Il y a une sorte de logique dans la méthode. Dans le deuxième film, Curtis examine le psychologue Daniel Kahneman, lauréat du prix Nobel, rendu célèbre par son livre Thinking, Fast and Slow (2011). Curtis explique que les recherches de Kahneman ont révélé que notre cerveau perçoit le monde comme "une ruée chaotique de données biochimiques qui s'accélère et s'atténue, et ce que les humains considèrent comme leur "moi" est en fait un accessoire qui tente de donner un sens à cette masse chaotique de données entrantes". Mais pour ce faire, il doit simplifier et transformer les données en histoires". C'est une description de la pensée, mais c'est aussi proche de la description d'un film de Curtis. Nos cerveaux ne sont pas des chronologies ordonnées avec des têtes parlantes bien soignées, mais des dépotoirs d'éphémères qui se fondent parfois dans une illusion fugace d'ordre. La joie de Curtis réside dans les choses qu'il ne dit pas, et la foi qu'il montre dans l'intelligence du spectateur pour choisir son propre chemin à travers le matériau. Can't Get You Out of My Head devrait probablement voir sa note réduite pour son côté hirsute, mais il y a assez de richesse dans l'histoire pour compenser.
Jusqu'au sixième épisode, les films font étonnamment peu référence aux coronavirus.

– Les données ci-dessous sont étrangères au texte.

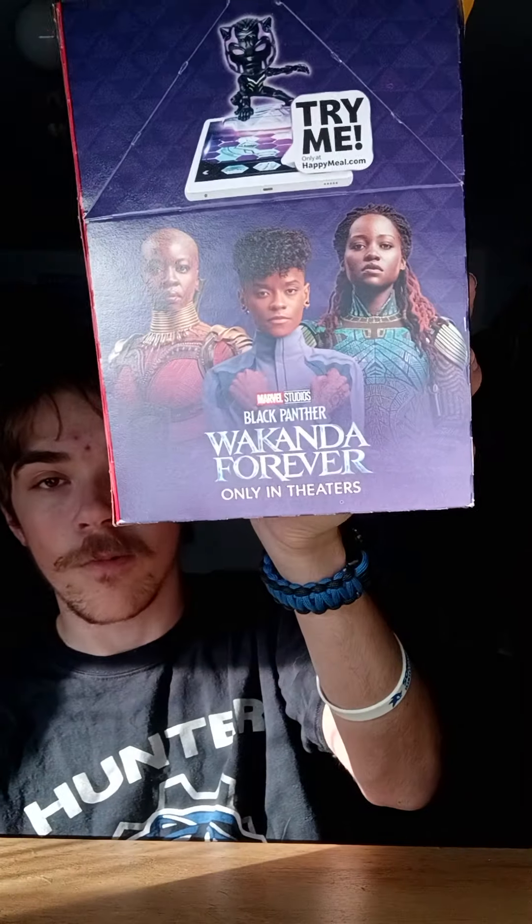Originally we were gonna do Thor Love and Thunder but I didn't get the whole set — I almost did but I just needed one more and didn't get it. So I got my black shirt on to fit the theme, and the McDonald's Happy Meal toy review we're doing is for Black Panther: Wakanda Forever. I did not expect I would get the whole set!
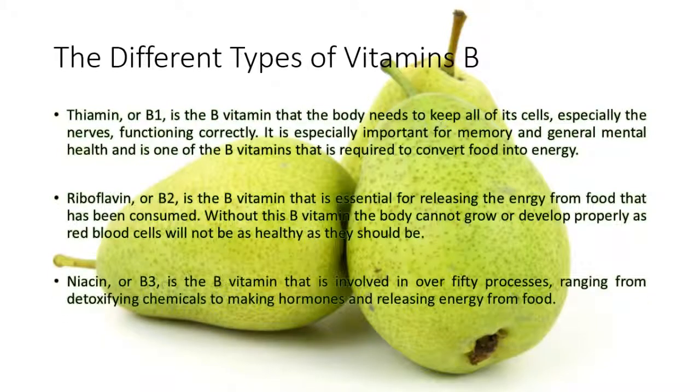Niacin, or B3, is the B vitamin that is involved in over 50 processes, ranging from detoxifying chemicals to making hormones and releasing energy from food.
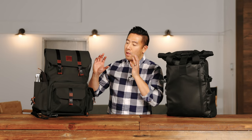Hey everyone, it's Desi Chang and today we have the brand new Langley Alpha Globetrotter as well as the Wandered Provoke 31. I would have to say these are the two best-looking camera backpacks on the market — just my opinion. So let's take a closer look between the two.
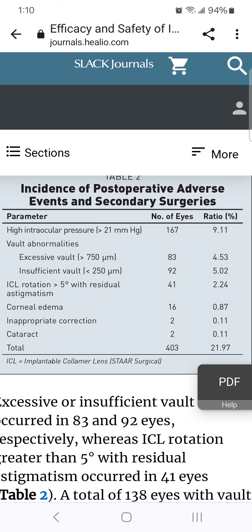Vault — that is the space between the natural lens and the EVO ICL — was also a concern. Excessive vault, which increases risk of glaucoma or corneal endothelial cell loss: 4.53%. Insufficient vault, which increases risk of cataract: 5.02%. So almost 10% had vault abnormalities with increased risk of future complications.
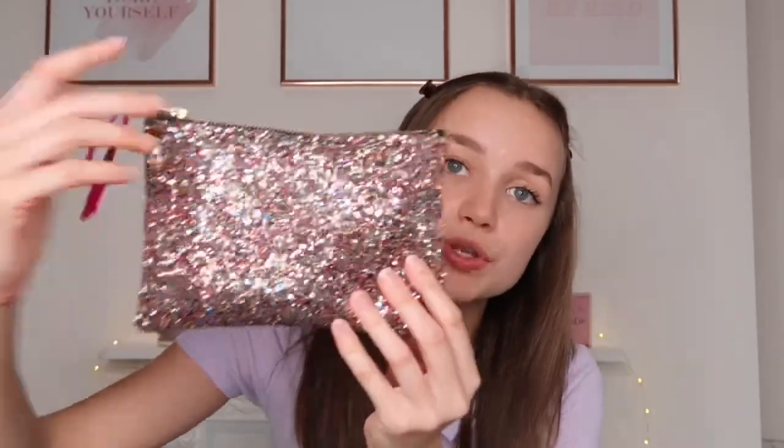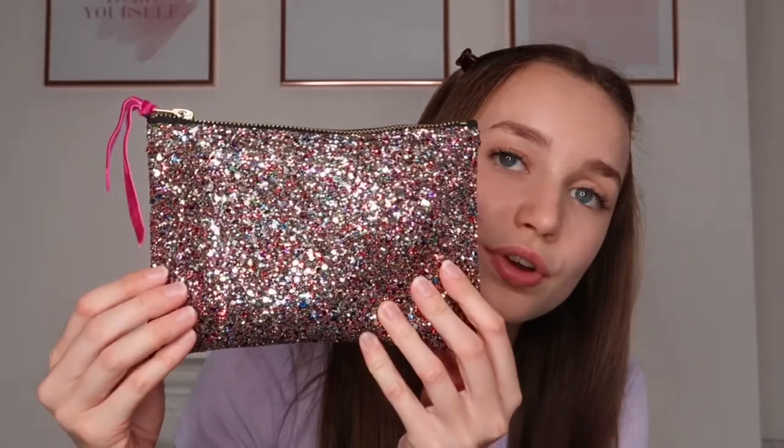The final thing in the front pocket is this glittery emergency kit. I wasn't sure whether to do a separate video showing what's in it but I decided to combine it into this video. It's super super sparkly — really cool. I'm not sure where it's actually from, but it is a bit scratchy so I probably won't put my phone in the front pocket with it because I don't want the screen to get scratched.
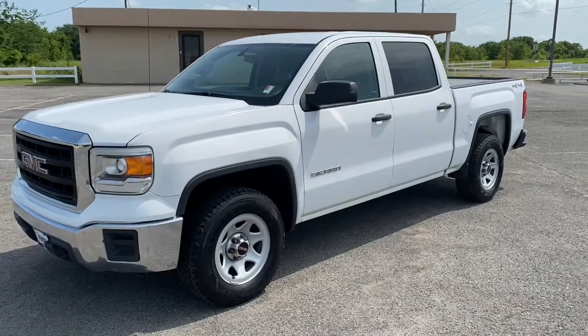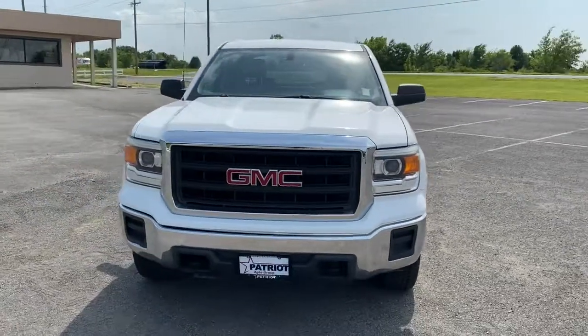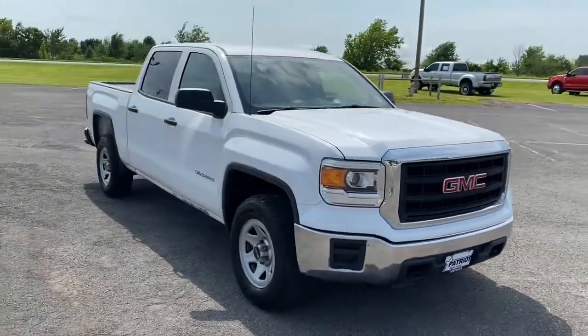You just found the 2014 GMC Sierra. This vehicle is an outstanding buy with fewer than 120,000 miles on the odometer.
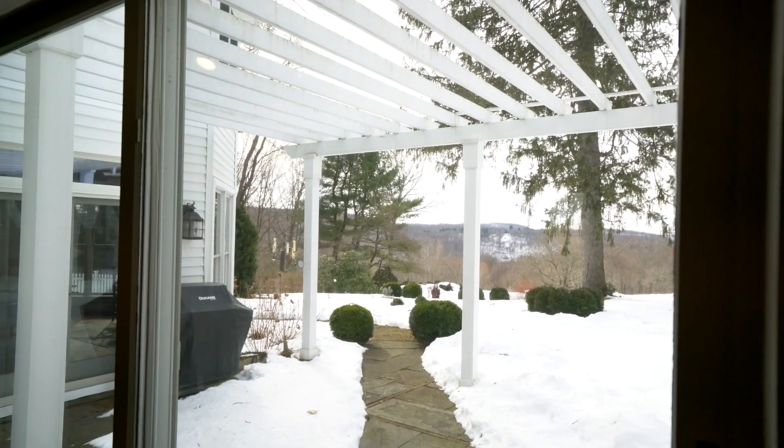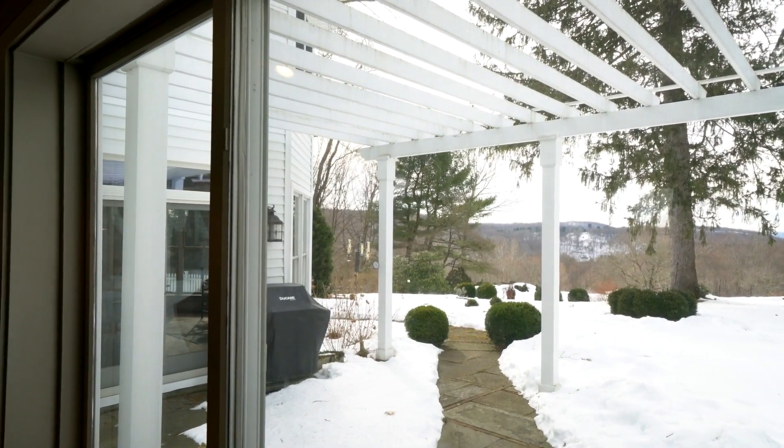Pocket doors, wide plank floors, walls of glass. The use of natural light in every room is wonderful.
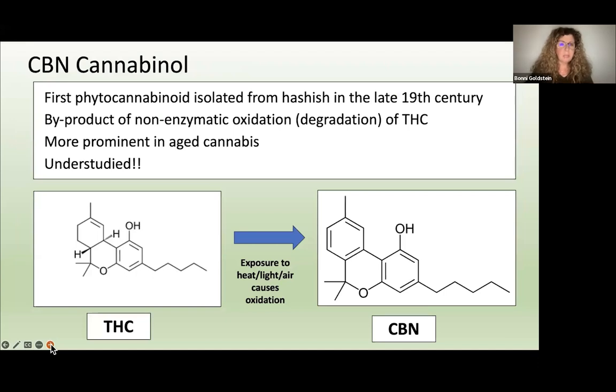We're going to talk about cannabinol today. There's not a lot of information — it's very understudied — but it is an important phytocannabinoid, a plant-derived cannabinoid. It was first isolated from hash in the late 19th century. It occurs as a by-product or breakdown degradation of THC. When THC is exposed to heat, light, or air, a process of non-enzymatic oxidation takes place and converts the THC to CBN. CBN is not usually present in large amounts in fresh cannabis — it is much more prominent in aged cannabis.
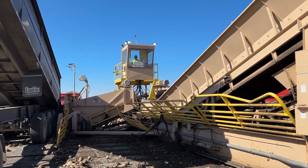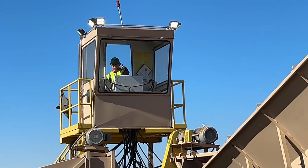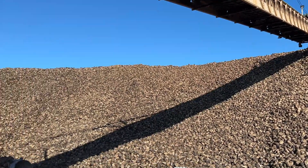If you look very closely, you'll notice Cassie's running the piler, and this is the pile of beats.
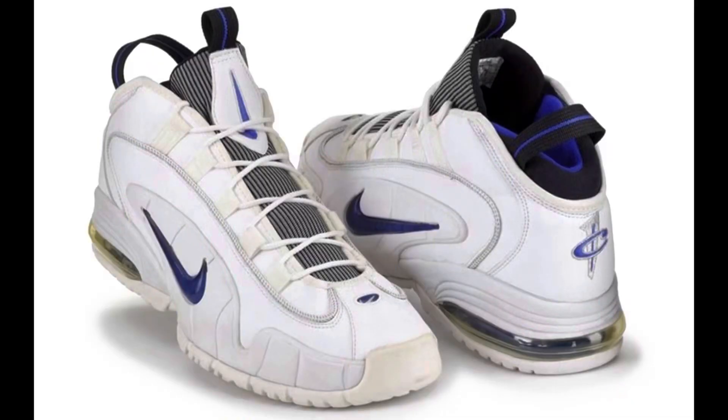The 2022 version is the very first re-release of the Home colorway. We have not seen this colorway ever released since 1995. I'm not sure why, because there have been an abundance of Air Penny One colorways, so I don't understand why this one took so long to re-release.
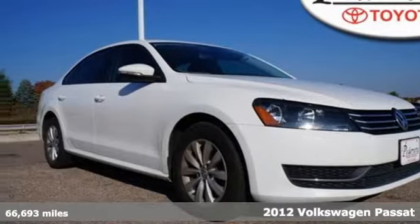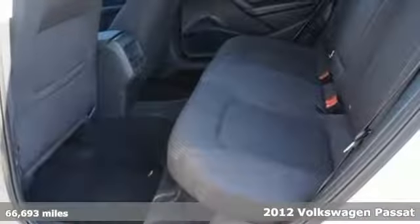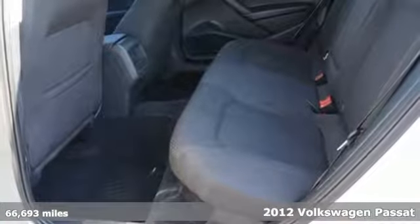It's a 2012 Volkswagen Passat. With a combination of space and comfort, this sedan is a must-have.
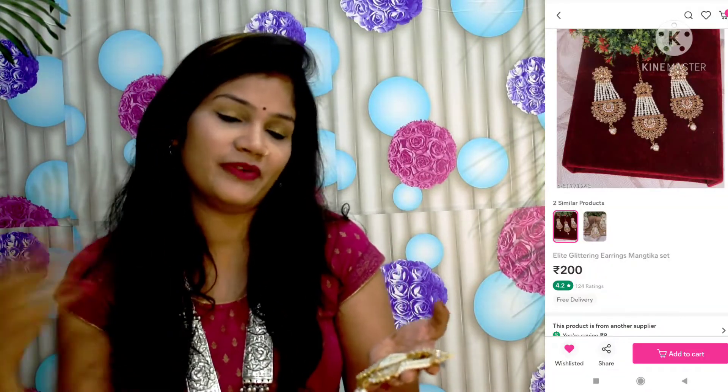This is the last product — the 5th earring in the top 5. This one comes in almost 3 sets. You get 3 things with it, including a Tika. If you want, you can wear just the earrings as well — it's a very beautiful look. I personally only got the earrings, but if you like the Tika, it's a great deal — so I got the Tika too. First, let me tell you about the earrings.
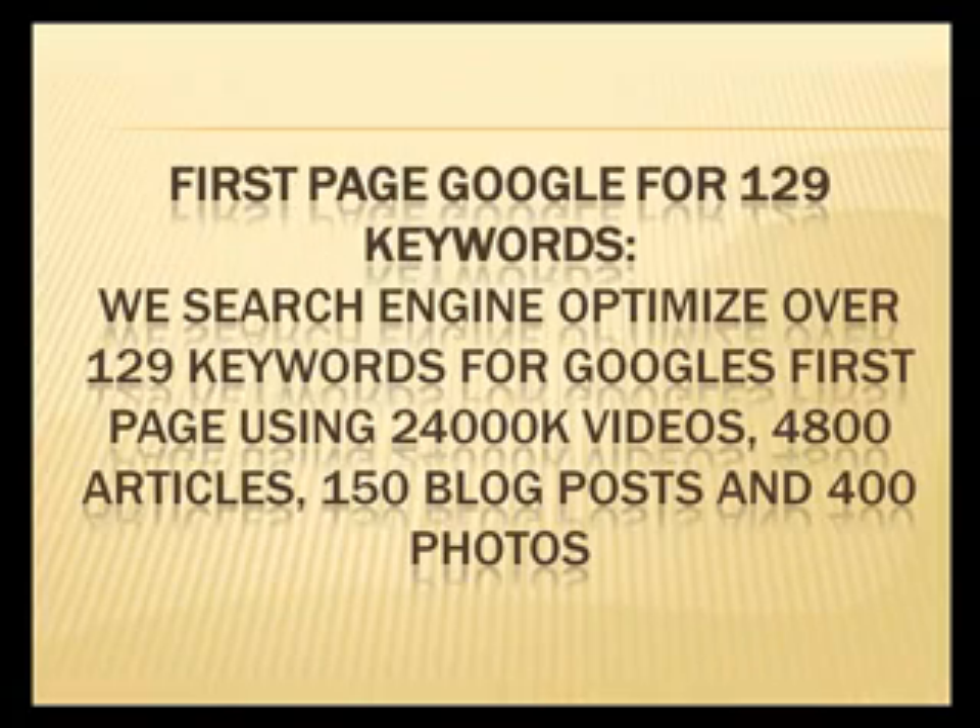We also include the first page of Google for 129 keywords. We search engine optimize over 129 keywords for Google's first page using 24,000 videos, 4,800 articles, 150 blog posts, and 400 photos.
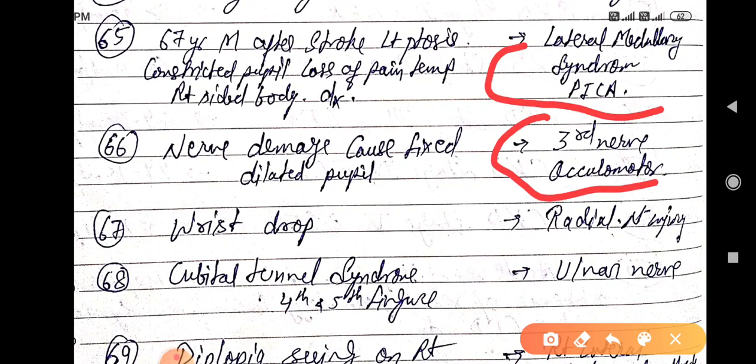Damage causing a fixed dilated pupil is due to the third nerve — that is the oculomotor nerve. Wrist drop is due to radial nerve injury.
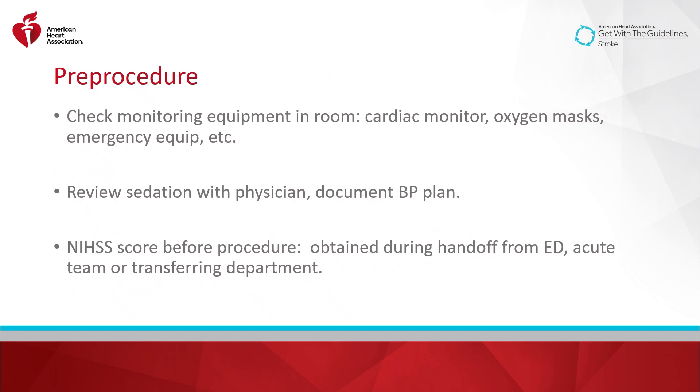Pre-procedure, the nurse should, depending on role, also check the monitoring and emergency equipment in the room. This includes cardiac monitors, oxygen masks, defibrillator, and code carts. The nurse should also understand the sedation and blood pressure plan. Best practice also demonstrates that the NIH score should be documented before the procedure and could be completed as part of the handoff communication with the transferring department.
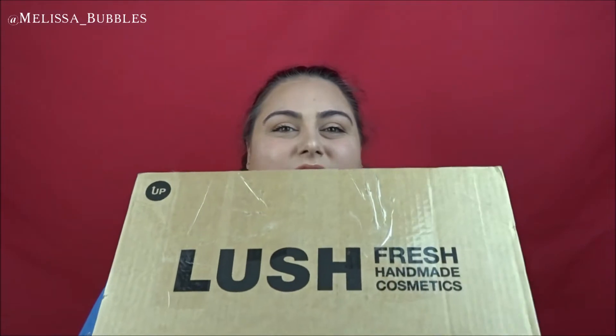Hey everyone, I'm Melissa Bubbles and welcome back to my channel. I have an awesome Lush package — I got sent this in the mail, it was a bit of a surprise to me. In here are some of the Christmas Lush bath things that are out right now. I thought I would show you guys what's in this huge box. It comes with a lot of peanuts.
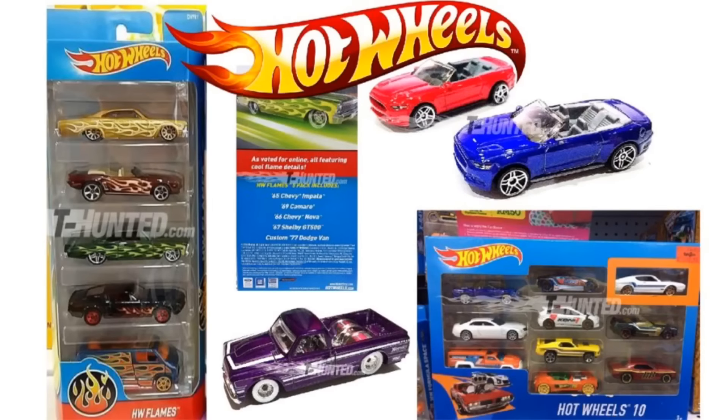I can't wait to find one of these. It should appear in the G case for 2017, and that's coming up soon. That's it for the Hot Wheels news — make sure to subscribe for more Hot Wheels videos, and thanks for watching.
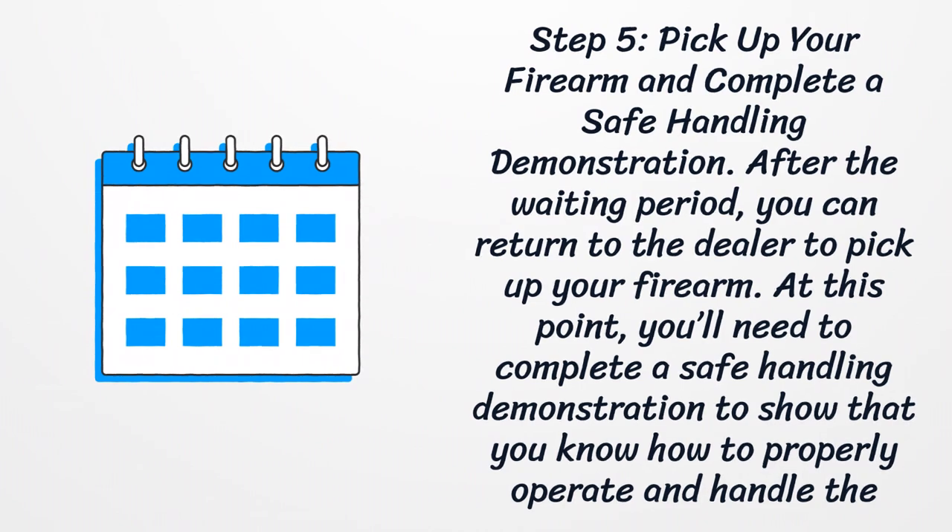Step 5: Pick up your firearm and complete a safe handling demonstration. After the waiting period, you can return to the dealer to pick up your firearm. At this point, you'll need to complete a safe handling demonstration to show that you know how to properly operate and handle the firearm safely.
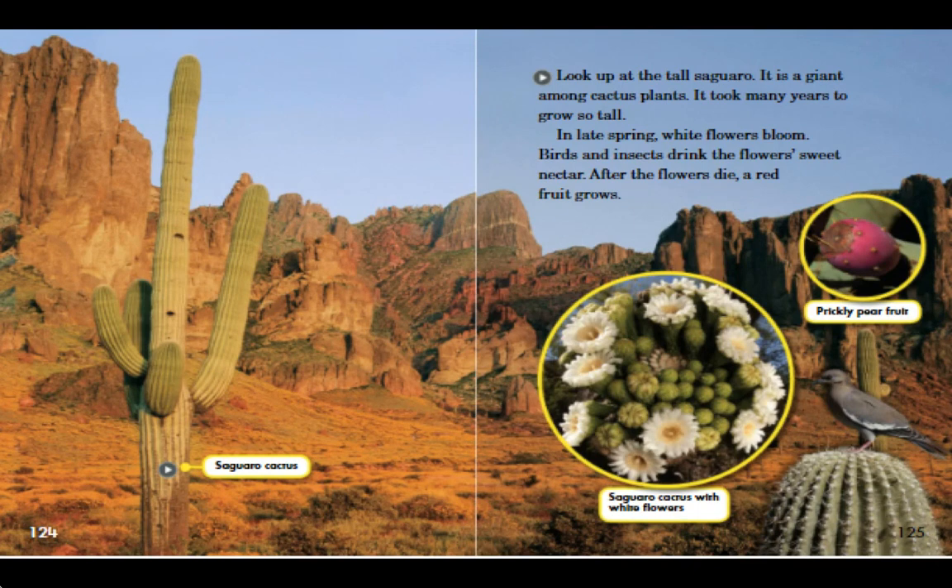Look up at the tall saguaro. It is a giant among cactus plants. It took many years to grow so tall. In late spring, white flowers bloom. Birds and insects drink the flower's sweet nectar. After the flowers die, a red fruit grows.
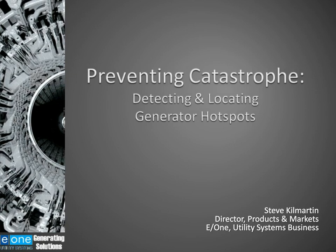Good morning or good afternoon everyone, depending on where you are joining us from, and welcome to today's webinar. My name is Rachel Starbuck from the Business Review and I will be your host. It is our pleasure to have Environment One Corporation with us today, who will be discussing preventing catastrophe, detecting and locating generator hotspots.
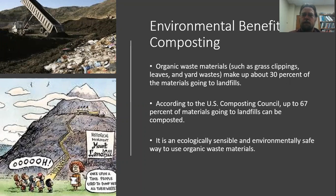There is a U.S. Composting Council that estimates about 67% of what goes into a landfill could properly be composted in order to produce good soil and slow down the filling up of those landfills. Composting is a really good, ecologically sensible, and environmentally safe way to use those materials. When we talk about sustainability — protecting the environment, saving money, and being socially responsible — composting really meets all three of those requirements as a sustainable practice.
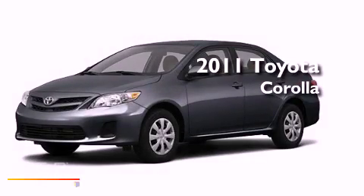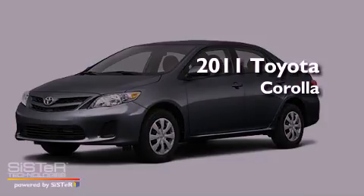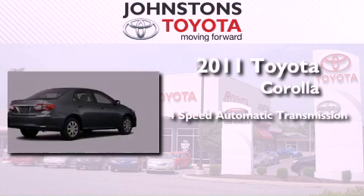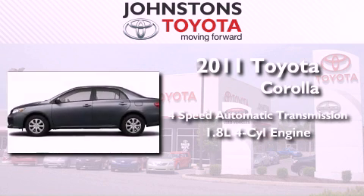This is a brand new 2011 Toyota Corolla. This four-door sedan has a four-speed automatic transmission and an inline four-cylinder engine.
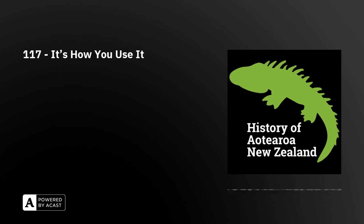On the flip side, taiaha, patu, etc., were often highly decorated, meaning they took longer to make, were difficult to manufacture, were made from high-value materials, and took a fair amount of training to use correctly. Hence, why they were used by the Māori version of the aristocracy.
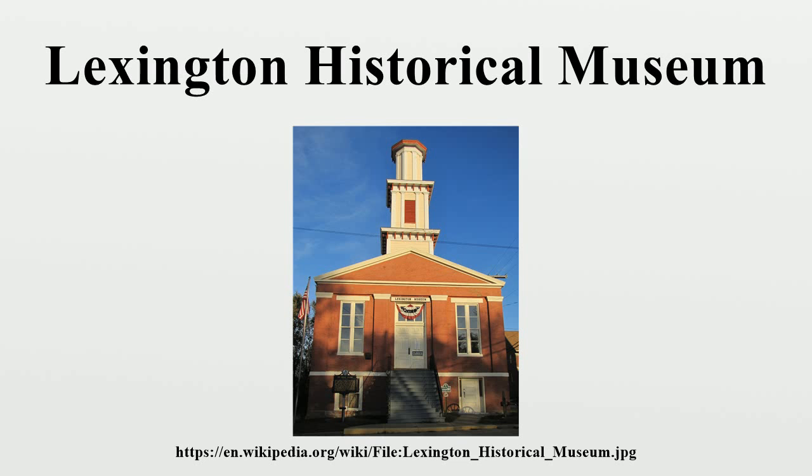It also contains historical memorabilia related to steamboats, coal mining, Osage Indians, and the Wentworth Military Academy.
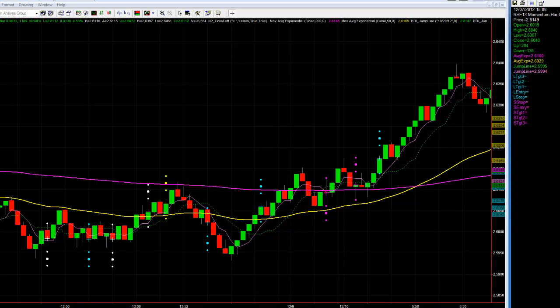Hi everybody. This is TJ with Trendjumper Trading and NetPix.com. I thought I would do a quick video on this morning's energy trades.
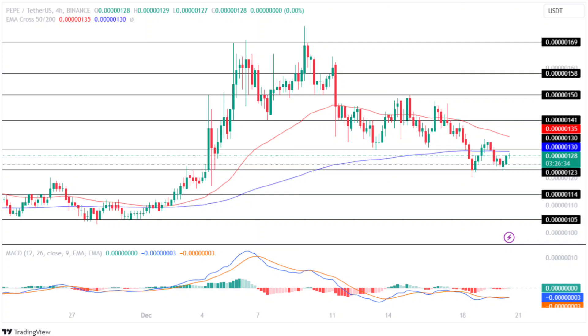Following this, the price traded sideways in a consolidated range between $0.000000150 and $0.000000169 for about a week.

Tout à la fin, Curtis aborde les implications d'une maladie qui a touché les pauvres de façon disproportionnée. Il concède qu'il est possible que, à partir de cette "sinistre incertitude", nous puissions à nouveau imaginer d'autres futurs. Que nous retournions aux mauvaises vieilles méthodes ou que nous nous hâtions vers une dystopie de surveillance à la chinoise, dans laquelle l'individualisme disparaît, les résultats probables sont déprimants.
Une perspective plus optimiste, cependant, a été suggérée dans les derniers moments, à savoir que l'année écoulée a donné un aperçu d'un avenir plus prometteur. Pour des millions de personnes, la pandémie a été une expérience sans précédent de nouveaux modes de vie. En douze mois, les populations mises à pied ont goûté à quelque chose qui se rapproche du revenu de base universel, de la libération généralisée des bureaux et d'un monde de consommation limitée où les magasins sont fermés et les voyages interdits. Il a fallu un virus plutôt qu'un mouvement radical, mais de larges majorités dans le monde entier ont fait et soutenu des sacrifices personnels pour protéger leur prochain. La plupart d'entre eux sont impatients de revenir à la situation d'avant. Amener les gens à essayer des façons d'être est une chose ; les faire aimer en est une autre.
Adam Curtis, né le , est documentariste britannique de la télévision qui a travaillé comme scénariste, narrateur, producteur et réalisateur.
Adam Curtis étudie les sciences humaines (introduction à la génétique, la psychologie, les sciences politiques, la géographie, et la statistique élémentaire) à l'université d'Oxford.
Il y enseigna les sciences politiques, mais quitta l'université pour se lancer dans une carrière à la télévision.
L'utilisation régulière d'images d'archives est un de ses traits distinctifs.
The Observer écrit que « s'il y a un thème dans le travail de Curtis, c'est le regard sur la façon dont les différentes élites ont essayé d'imposer leur idéologie dans leur époque, et les conséquences tragi-comiques de celles-ci. »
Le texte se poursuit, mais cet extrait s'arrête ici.